Shake Off The Cobwebs and Get To Know Your Employees
When you start your own business, it’s easy to keep pressing forward and bringing more people in based on their skills and abilities, forgetting that they are individuals with their own interests. It’s easily done; you get busy when you run your own company and you rely on people to work for you, not thinking about how you interact with them on a personal level.
If you want to run a business effectively, you need to be a great team leader, which includes getting to know the people that work for you. It’s up to you to manage your time, your team and your workload without it all crumbling, and a big part of that is getting to know the people who are in your business. Not only will it make you a better leader in the eyes of your staff, it’ll help you to learn who they are as people and what their goals are.
There are a lot of strategies out there that you can embrace to get to know the people in your business better. Some of these are fun, others are more formal but still have the same result – learning about what makes your people tick. Usually, this can start with team building challenges and trips to just break the ice away from the business. Starting your ‘get to know you’ program away from the actual office gives you a chance to relax as a group and enjoy the company without the pressures of office work on your shoulders. Shaking off the cobwebs and revealing the personalities can help you to understand who can work together the best and the type of learners and workers your employees are.

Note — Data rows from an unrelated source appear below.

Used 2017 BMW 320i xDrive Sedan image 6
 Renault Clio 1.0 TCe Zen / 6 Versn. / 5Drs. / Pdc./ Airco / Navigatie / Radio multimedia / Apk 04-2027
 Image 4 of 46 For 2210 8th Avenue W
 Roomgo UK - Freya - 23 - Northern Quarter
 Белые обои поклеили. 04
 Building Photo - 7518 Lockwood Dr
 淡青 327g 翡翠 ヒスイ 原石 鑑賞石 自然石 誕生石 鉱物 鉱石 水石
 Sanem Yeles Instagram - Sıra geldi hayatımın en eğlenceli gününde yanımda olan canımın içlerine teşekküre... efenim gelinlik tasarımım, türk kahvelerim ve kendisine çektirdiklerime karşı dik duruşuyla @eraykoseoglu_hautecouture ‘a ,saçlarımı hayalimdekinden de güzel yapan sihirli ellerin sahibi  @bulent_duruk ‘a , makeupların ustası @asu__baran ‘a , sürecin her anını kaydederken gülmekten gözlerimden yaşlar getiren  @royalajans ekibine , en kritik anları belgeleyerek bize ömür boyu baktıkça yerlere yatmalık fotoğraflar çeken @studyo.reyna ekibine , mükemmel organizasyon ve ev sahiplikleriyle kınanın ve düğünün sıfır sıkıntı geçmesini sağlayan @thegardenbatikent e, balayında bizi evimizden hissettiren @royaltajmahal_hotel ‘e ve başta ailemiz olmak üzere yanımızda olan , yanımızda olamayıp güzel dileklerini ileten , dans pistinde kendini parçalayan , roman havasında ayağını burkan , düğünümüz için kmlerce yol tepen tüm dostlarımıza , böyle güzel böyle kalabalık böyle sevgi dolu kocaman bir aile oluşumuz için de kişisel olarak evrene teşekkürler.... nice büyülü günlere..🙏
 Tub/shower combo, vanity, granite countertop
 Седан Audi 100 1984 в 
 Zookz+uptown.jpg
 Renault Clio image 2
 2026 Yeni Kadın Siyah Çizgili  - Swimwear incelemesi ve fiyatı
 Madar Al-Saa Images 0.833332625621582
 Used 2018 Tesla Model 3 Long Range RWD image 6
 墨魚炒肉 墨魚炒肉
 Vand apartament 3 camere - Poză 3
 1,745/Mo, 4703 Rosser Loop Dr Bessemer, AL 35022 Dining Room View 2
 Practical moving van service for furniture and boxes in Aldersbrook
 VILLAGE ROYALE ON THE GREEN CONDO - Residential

Some are going to be visual learners while others are kinetic, and this can make a difference when you are merging personalities together. So, how can you get to know people better?
Open Door Policies. You’re the leader, but you’re not obligated to be closed off and in your own office all the time. Keep the dialogue going by opting for a policy that reminds your staff that you are there to speak to at all times. People need to feel that they can talk to you whenever they want to, without worry that they will be turned away.
Outdoor Activities. Once a week, get everyone out of the office for lunch. Head out of the ‘lunch behind the desk’ and into a restaurant or a work picnic if there is the weather for it.
Recognize Achievements. As much as possible, recognize both the small and the big achievements. Even saying a simple thank you to your team can help you to see who is thriving and who isn’t.
Set Goals. It’s up to you to sit your people down and set goals together, so that you can understand where the goals of your employees are going and where they want to end up. Get to know their aspirations, and you’ll get to know them.